The Oklahoma City Zoo said a rare and most likely genetic condition contributed to the death of their elephant, Chai.
After a controversial trek across the country, Chai settled in Oklahoma City from Seattle last May and died in January.
The original results from the Oklahoma City Zoo were that Chai died of a bacterial infection.
She had also been losing body fat, zoo officials said.
Her bones were donated to the Museum of Osteology, where they're being processed for display.
It was her teeth that offered another tip about the Asian elephant's poor health.
The molars were apparently infected, twisted and deformed, issues that were likely getting worse of a period of years as she shed each set, according to Veterinary Services Director Jennifer D'Agostino.
Zoo officials said Chai had a good appetite and ate well before her death, but was not getting enough caloric content from her food because of the improper chewing issue.
But because certain molars are almost impossible to see during routine checks, D'Agostino said there was nothing they could've done to save her.

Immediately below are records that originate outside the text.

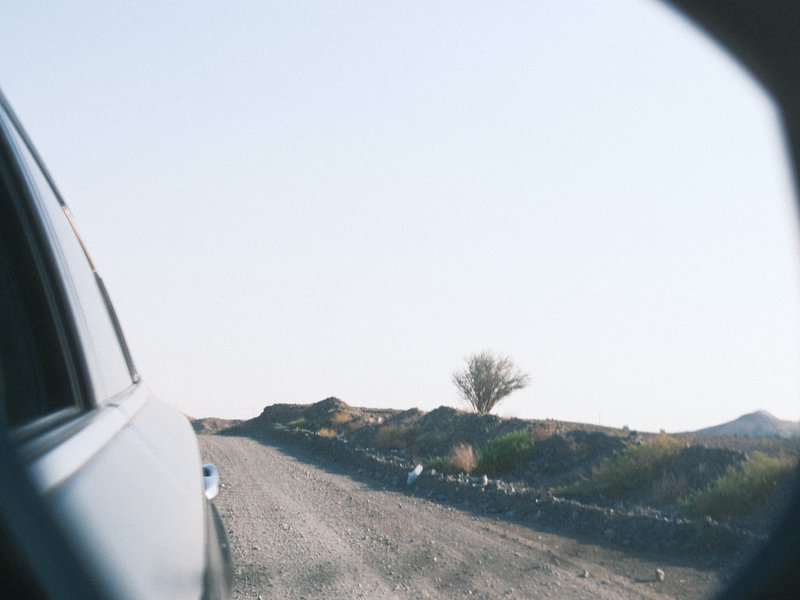 A view of a dirt road and a lone tree seen through a car's side mirror.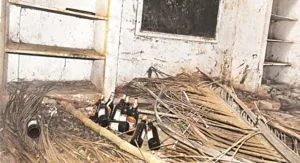 publive-image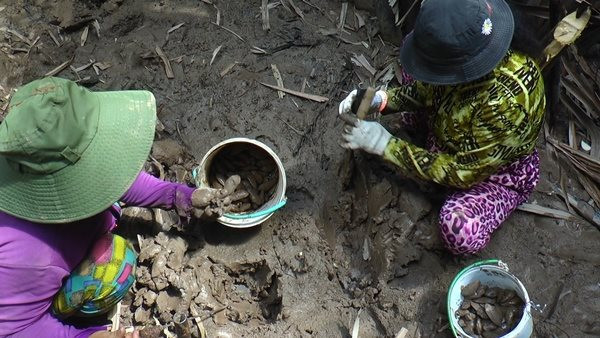 Săn chem chép ở miền Tây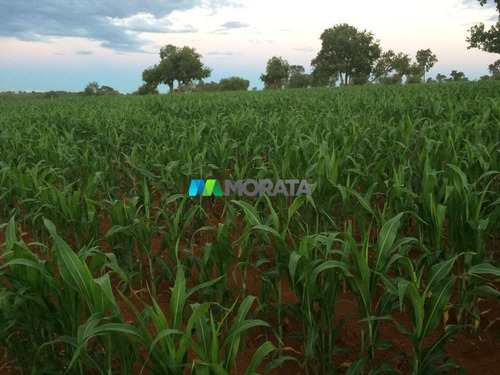 Imagem 10 de 12 de Fazenda - Zona Rural - Ref: 1593 - V-mta1593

However, the zoo has plumber’s cameras they use annually to check the hard-to-reach molars in their elephants, but D’Agostino said they had not been used yet on Chai before her death.

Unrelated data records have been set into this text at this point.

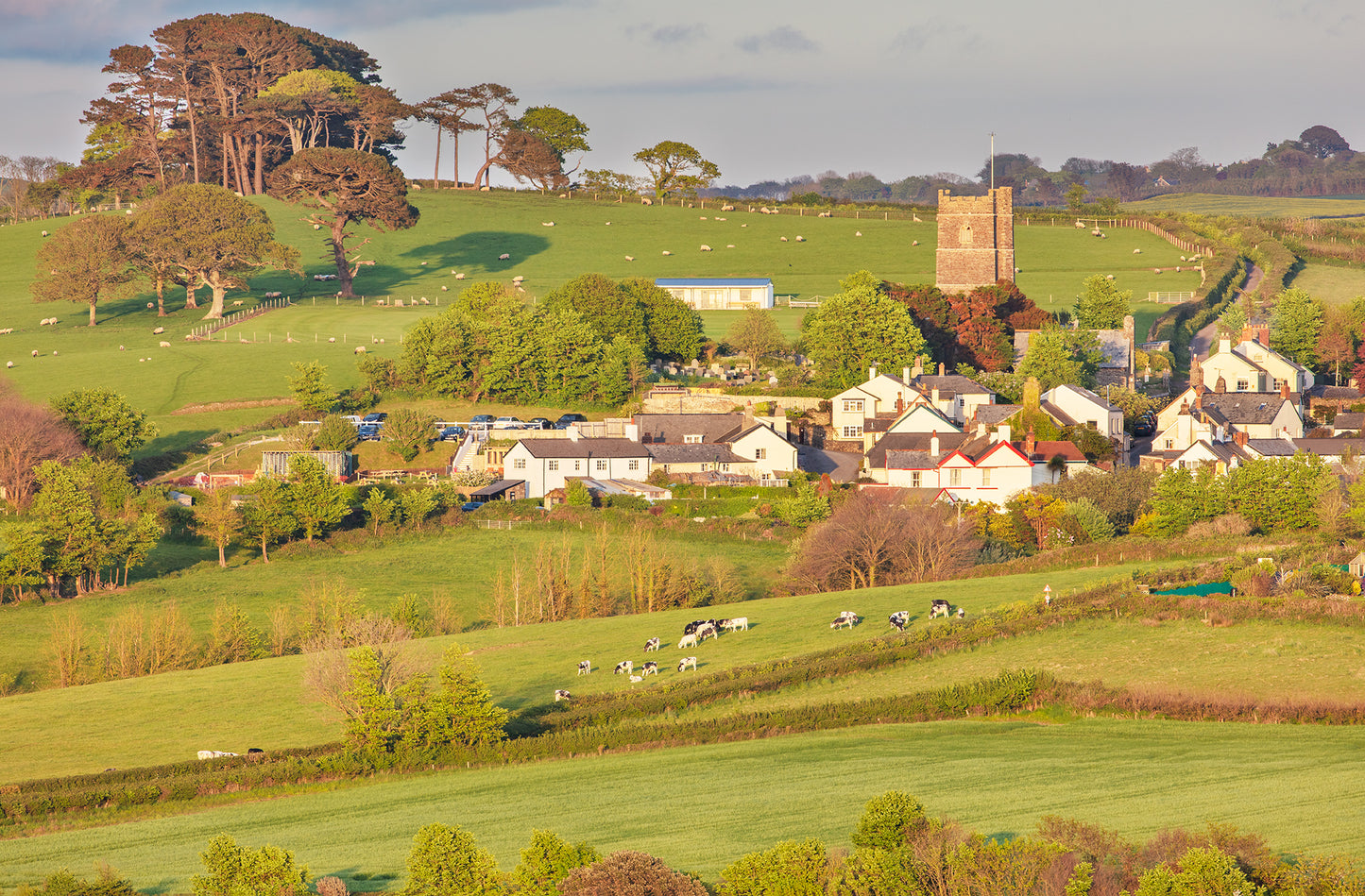 Westleigh Afternoon light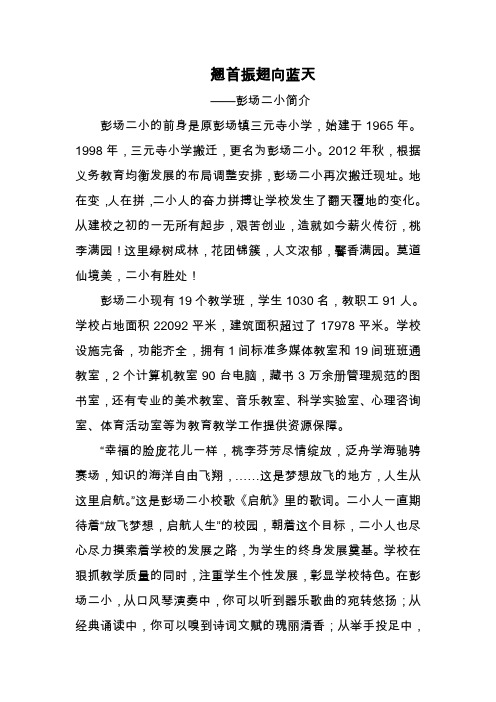 翘首振翅向蓝天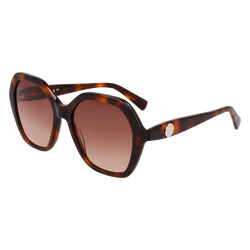 Sunglasses , Havana - OTHER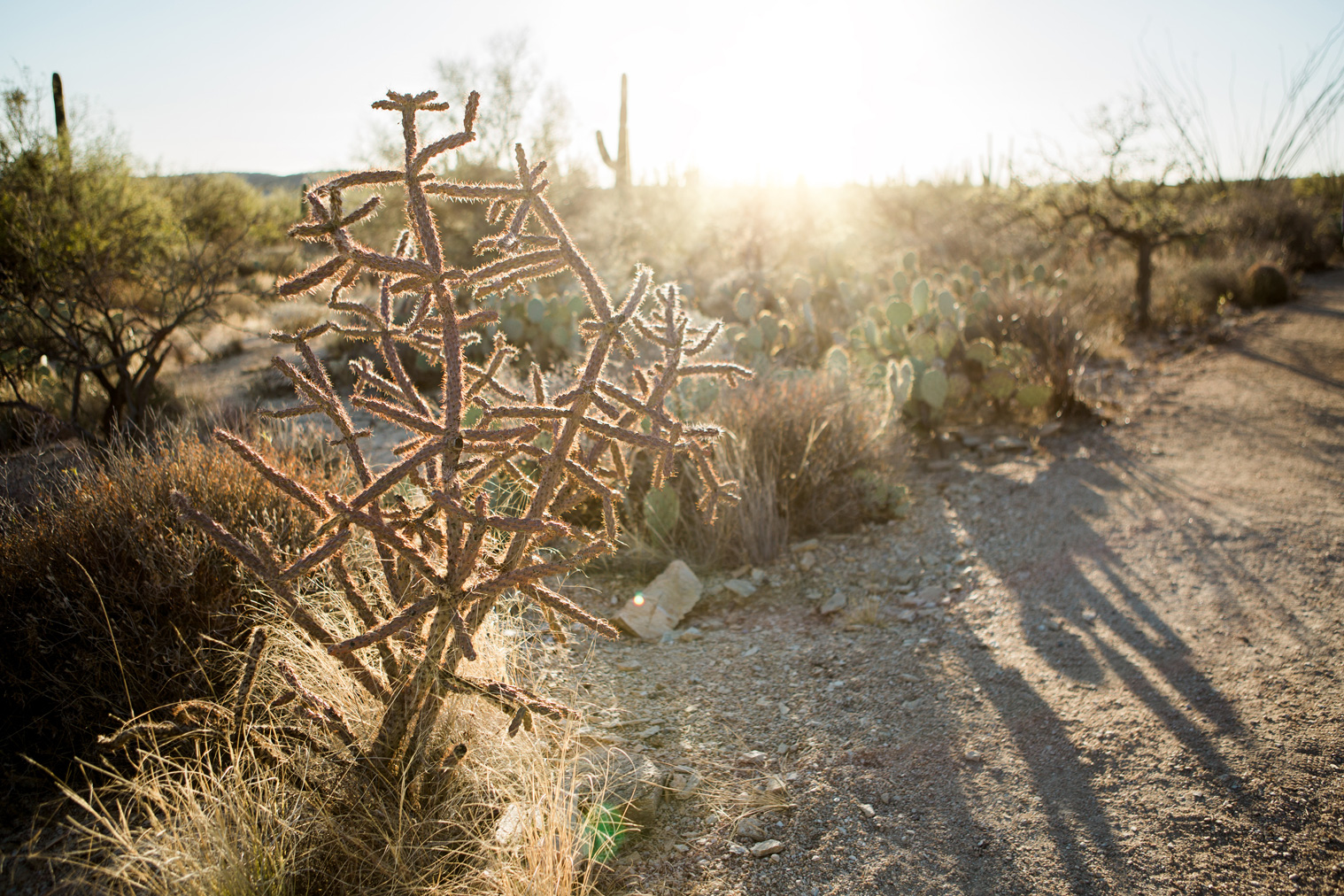 CindyGiovagnoli_Tucson_Arizona_Sabino_Canyon_Phone_Line_Trail_Uinta_Brewing_saguaro_cactus_desert_hiking-015.jpg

She said the zoo plans to use those cameras twice a year on all elephants in the future to monitor their teeth.
D’Agostino said she could not confirm the bacterial infection that killed Chai was caused by the tooth infection, but that it is a possibility.

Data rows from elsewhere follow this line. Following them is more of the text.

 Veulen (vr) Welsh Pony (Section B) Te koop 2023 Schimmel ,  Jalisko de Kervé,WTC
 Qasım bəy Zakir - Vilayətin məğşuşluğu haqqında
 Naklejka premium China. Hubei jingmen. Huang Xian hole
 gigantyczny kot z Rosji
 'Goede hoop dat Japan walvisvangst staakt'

Friends of the Woodland Park Zoo Elephants in Seattle read the update about Chai’s teeth and released this statement:
“Chai's congenital abnormality of her teeth should have progressed slowly over what is an elephant's 60 to 70 year lifespan. The fact that Chai suffered such sudden, massive weight loss in less than one year at the Oklahoma City Zoo is suspect. We are reviewing medical records which raise many red flags about the level of care and attention to Chai's conditions. Had Chai been retired to a sanctuary, where she would have received 24/7 monitoring and expert veterinary care, she might be alive today."